Glass Ceiling For Women In The Workplace

Breaking the Glass Ceiling for Women at Work

In the corporate world, women may constantly have to face discrimination and restrictive situations. Men may fill the most important managerial positions, while women are relegated to secretarial and administrative work. Sounds unfair? It sure is!

Over time, women have come a long way in establishing themselves as significant members of both the society and the corporate world. However, in many workplaces, deserving women continue to play secondary roles in comparison to their male counterparts. This glass ceiling effect, or the hindrances to a woman’s struggle to climb up the corporate ladder, can be difficult to break. Figuring out the main obstacles you may face in the workplace can help you tackle the situation better.

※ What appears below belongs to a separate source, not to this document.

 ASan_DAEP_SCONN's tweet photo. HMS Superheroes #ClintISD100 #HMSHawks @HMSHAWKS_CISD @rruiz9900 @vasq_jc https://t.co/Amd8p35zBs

Kinds of Glass Ceiling for Women

1. The Stereotypes

Women are often subject to crude stereotypes at the workplace. She is the stylish receptionist or the efficient administrator, for instance. Men may occupy top positions in corporate workplaces because they are perceived to be ruthless or those who can get the job done.

2. Unequal Pay

Pay inequity between male and female workers has been the norm for quite some time now. The higher a woman climbs up the ladder, the more she has to settle for a pay package that’s less than that of her male colleagues.

3. Childbirth

When women go on a maternity leave or are busy starting a family, they are often relegated to the sidelines upon their return. It becomes difficult for a woman to return to her previous employment level because of the leave of absence. This prevents her from climbing up the corporate ladder.

4. Power and Sex

Women at the workplace are often seen as sexual objects who aren’t capable of doing much. If you reach a top position, there will always be some tongues wagging about! Women can also face the hard situation of being propositioned by their male bosses – sex for a chance to be powerful. It becomes difficult to make their way through the ranks in light of the glaring disparity. This is one of the main barriers for women at the workplace.

5. Family Ties

A woman has her family’s well-being at the top of her priority list, often above or at par with her career. When time comes for a big promotion, she is often not considered because the decision makers feel she would not be able to cope with the added responsibilities of her profession. Having a family to take care of can often cost you a chance for professional growth.

Family Ties

Dealing with The Glass Ceiling

If you are being subjected to a glass ceiling at work, don’t feel marginalised. The following tips can help you overcome the discrimination and take giant strides ahead in your professional career:

1. Take inspiration from the best

There is no dearth of career women who have made it to the very top rung of their organization. There’s Anna Wintour, the boss with the iron fist who steered Vogue, the largest fashion magazine in the world to unimaginable heights. India too has women heading top organisations, right from Chanda Kochhar, the managing director and CEO of ICICI Bank to Kiran Mazumdar-Shaw, the chairman and managing director of Biocon Limited.

2. Put your foot down

It may sometimes be imperative to take a tough call at work, say no to an inappropriate demand or understand when a relationship with your company has gone beyond repair. Don’t hesitate from taking the tough calls if need be.

3. Make yourself heard

Believe that you are capable of dissolving stereotypes and eventually breaking the glass ceiling. While it may be your nature to be empathetic and easy-going, it may sometimes be crucial to be vocal, articulate and unbending.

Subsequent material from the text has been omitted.